Research by NCA and CybSafe highlights growing concerns about AI-enabled cybercrime and the easy-go-lucky approach to AI cybersecurity in the workplace. (Photo: Shutterstock)
The rise of generative AI (GenAI) in cybersecurity is raising concerns, with 65% of respondents expressing concern about AI-related cybercrime, according to a new survey. This concern is one of the key findings of “Oh Behave!” The Annual Cybersecurity Attitudes and Behaviors Report 2024 was released by the US-based National Cybersecurity Alliance (NCA) and CybSafe.
Based on a survey of 7,012 people across seven countries, the report highlights a significant gap in concern and preparedness when dealing with AI-powered cyber threats.
The report reveals that fear of AI-based cyberattacks varies by generation. The Silent Generation, those born between 1928 and 1945, are the most concerned, with 73% expressing fear of AI-related cyber risks, closely followed by Baby Boomers at 70%. Gen Xers are less concerned, with 61% expressing anxiety. Although younger generations remained concerned, their anxiety levels were lower.
Despite this growing concern, this study highlights the issue of a lack of training on AI-related cybersecurity risks. According to the study, 55% of AI tool users report receiving no formal training on the security and privacy risks associated with these technologies. This is further exacerbated by the fact that 56% of participants said they do not use AI tools at all, suggesting a large knowledge gap overall.
“The growing concern about AI-related cybercrime reflects a growing awareness of the digital threats we face,” said Lisa Plaggemier, executive director of the National Cybersecurity Alliance. “However, more than half (56%) of participants do not even use AI tools, and most (55%) of participants who do use AI have not been trained on the risks, making it even more likely. It’s clear that a lot of education and resources are needed.”

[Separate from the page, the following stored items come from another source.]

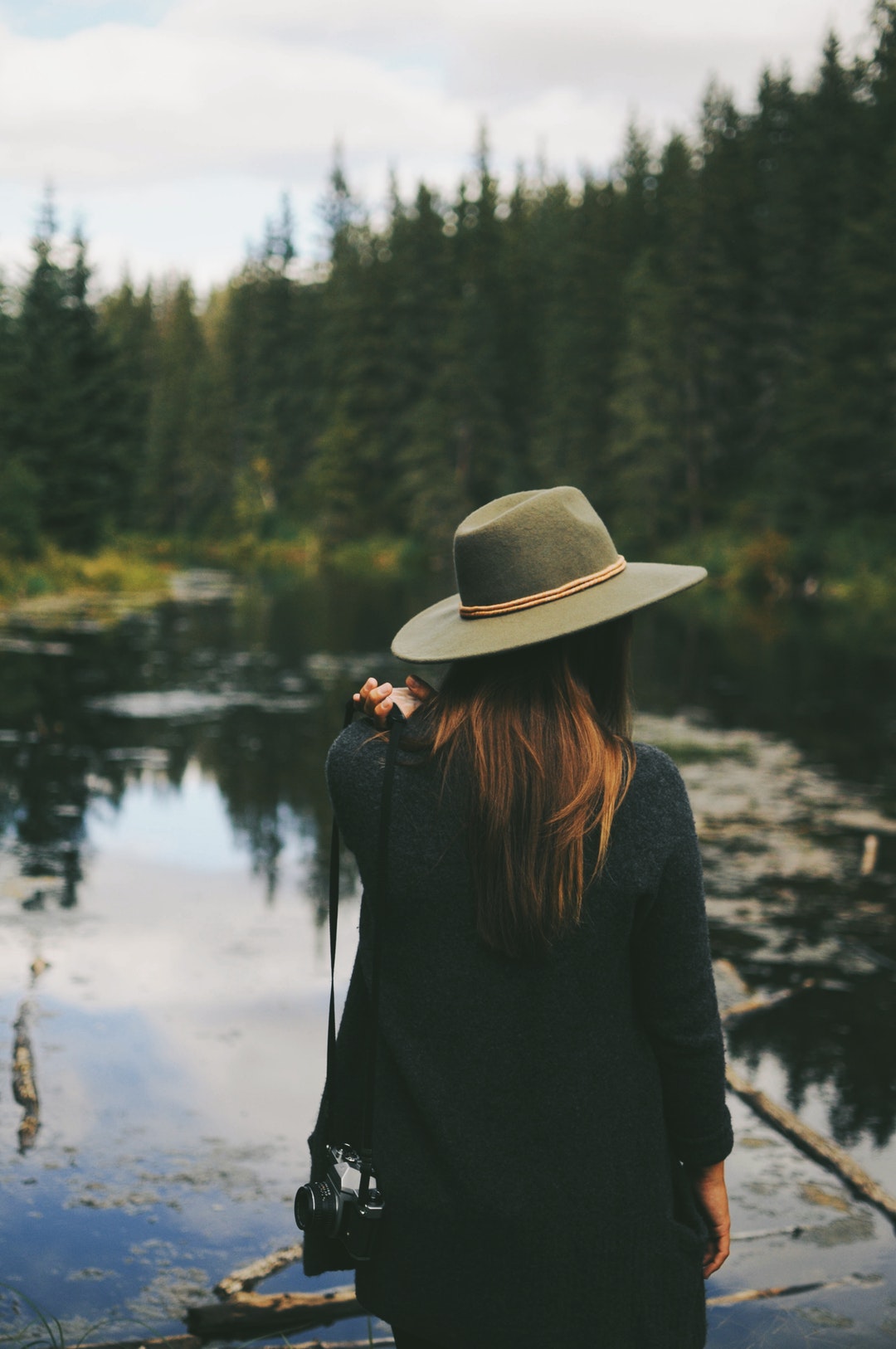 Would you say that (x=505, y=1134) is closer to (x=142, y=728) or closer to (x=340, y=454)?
(x=142, y=728)

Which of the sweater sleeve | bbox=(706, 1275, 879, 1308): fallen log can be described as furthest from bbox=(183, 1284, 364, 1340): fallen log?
the sweater sleeve

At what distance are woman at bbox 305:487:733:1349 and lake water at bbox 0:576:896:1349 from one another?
5.82 feet

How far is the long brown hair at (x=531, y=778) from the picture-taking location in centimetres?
174

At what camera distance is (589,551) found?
187 cm

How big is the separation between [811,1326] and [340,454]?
2459 inches

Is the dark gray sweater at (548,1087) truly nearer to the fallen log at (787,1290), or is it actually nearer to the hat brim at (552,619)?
the hat brim at (552,619)

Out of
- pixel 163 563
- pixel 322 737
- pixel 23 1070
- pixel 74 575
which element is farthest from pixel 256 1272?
pixel 163 563

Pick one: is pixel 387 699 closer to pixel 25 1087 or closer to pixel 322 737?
pixel 25 1087

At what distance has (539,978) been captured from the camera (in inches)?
70.2

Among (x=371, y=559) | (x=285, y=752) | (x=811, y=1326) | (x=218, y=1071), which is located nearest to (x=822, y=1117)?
(x=811, y=1326)

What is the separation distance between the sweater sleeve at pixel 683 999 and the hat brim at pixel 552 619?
234mm

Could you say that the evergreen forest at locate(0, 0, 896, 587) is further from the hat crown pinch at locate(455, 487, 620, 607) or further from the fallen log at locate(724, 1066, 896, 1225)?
the hat crown pinch at locate(455, 487, 620, 607)

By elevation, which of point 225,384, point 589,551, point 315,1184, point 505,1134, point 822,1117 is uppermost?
point 225,384

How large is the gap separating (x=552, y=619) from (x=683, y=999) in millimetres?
549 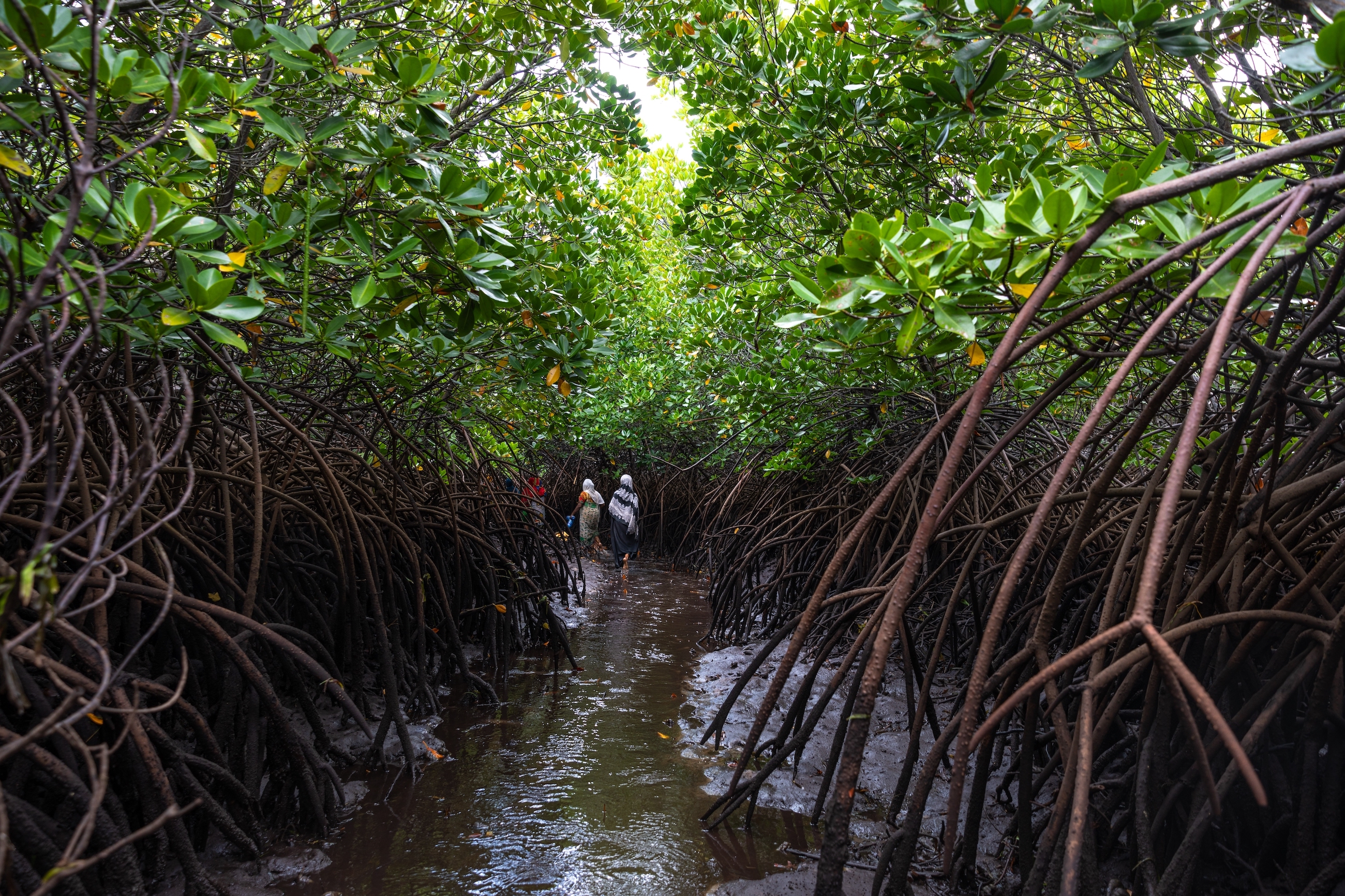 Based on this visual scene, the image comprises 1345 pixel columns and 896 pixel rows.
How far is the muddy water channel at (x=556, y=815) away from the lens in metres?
2.39

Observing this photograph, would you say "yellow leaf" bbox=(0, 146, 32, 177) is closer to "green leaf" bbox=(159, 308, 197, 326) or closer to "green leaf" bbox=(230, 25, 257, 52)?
"green leaf" bbox=(159, 308, 197, 326)

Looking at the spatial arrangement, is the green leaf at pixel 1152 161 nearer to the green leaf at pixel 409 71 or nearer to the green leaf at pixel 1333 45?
the green leaf at pixel 1333 45

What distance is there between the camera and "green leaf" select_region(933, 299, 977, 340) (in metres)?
1.34

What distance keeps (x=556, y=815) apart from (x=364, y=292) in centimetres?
198

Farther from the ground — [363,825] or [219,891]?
[219,891]

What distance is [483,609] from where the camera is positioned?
4.66 m

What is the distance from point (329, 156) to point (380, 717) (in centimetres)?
263

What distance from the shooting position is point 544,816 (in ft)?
9.24

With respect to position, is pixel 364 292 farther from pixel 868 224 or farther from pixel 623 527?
pixel 623 527

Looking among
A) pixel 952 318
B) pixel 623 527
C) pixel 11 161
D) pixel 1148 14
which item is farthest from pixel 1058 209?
pixel 623 527

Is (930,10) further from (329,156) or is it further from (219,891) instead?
(219,891)

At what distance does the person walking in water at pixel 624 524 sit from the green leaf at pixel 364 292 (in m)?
7.28

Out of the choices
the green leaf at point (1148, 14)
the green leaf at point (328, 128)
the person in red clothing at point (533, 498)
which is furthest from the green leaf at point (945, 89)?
the person in red clothing at point (533, 498)

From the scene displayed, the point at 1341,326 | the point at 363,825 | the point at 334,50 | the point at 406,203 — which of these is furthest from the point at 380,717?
the point at 1341,326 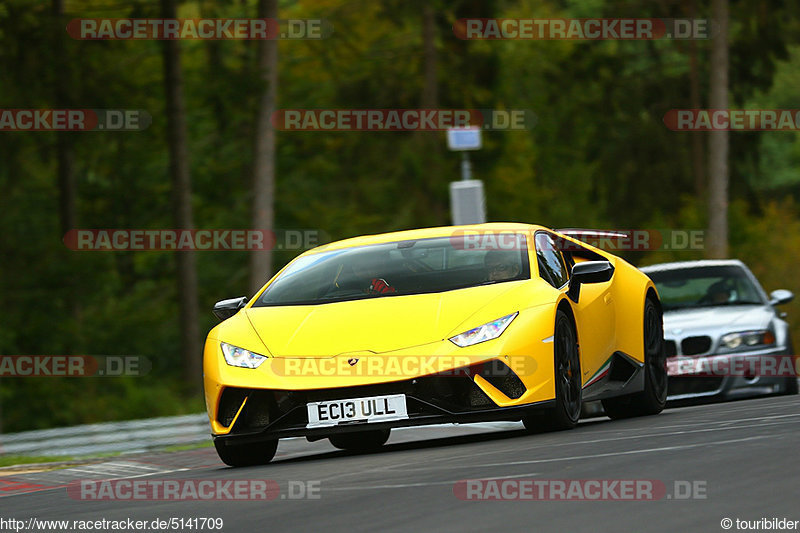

Staff having fun playing with AI at work
Another worrying statistic revealed that 38% of AI users admitted to sharing sensitive work-related information with an AI tool without their employer’s knowledge. Younger generations, especially Gen Z (46%) and Millennials (43%), are more likely to engage in this risky behavior compared to older generations.
“AI poses unique and urgent challenges, but the core risks remain the same,” said Oz Alashe, CEO and founder of CybSafe. “Many employees understand what it takes to protect their workplaces from cyber threats, but the key to strengthening organizational resilience is turning that knowledge into regular, safe actions. .”
The report shows a significant increase in the use of generative AI tools like ChatGPT, which is the most popular generative AI tool among users, with 65% of AI tool users using ChatGPT. I did. Despite this popularity, the increased use of GenAI also increases security risks such as phishing attacks and the creation of deepfakes, making it harder for individuals to detect fraudulent content.
The report also found that 77% of participants believe that technology companies should have primary responsibility for regulating and overseeing the use of generative AI, providing oversight for rapidly evolving technologies. The need for strengthening is emphasized.
Beyond AI-related concerns, the report highlights a broader increase in cybercrime incidents. There were 3,346 cybercrime incidents reported in 2024, an increase of 1,299 incidents from the previous year. Phishing scams remain the most common, accounting for 44% of all incidents. Additionally, 35% of survey respondents reported being a victim of cybercrime, an 8% increase from 2023.
These challenges are further compounded by the increasing sophistication of AI-powered attacks, including AI-generated phishing and deepfake techniques. The report also found that 91% of phishing incidents are reported by victims, highlighting not only increased awareness but also the persistence of the threat.
Despite increasing awareness of cyber threats, many participants still struggle to adopt safe behaviors. For example, only 65% of respondents consistently use their own passwords, and 46% said they have never used a password manager. Additionally, 81% of participants are aware of multi-factor authentication (MFA), but only 66% use it regularly.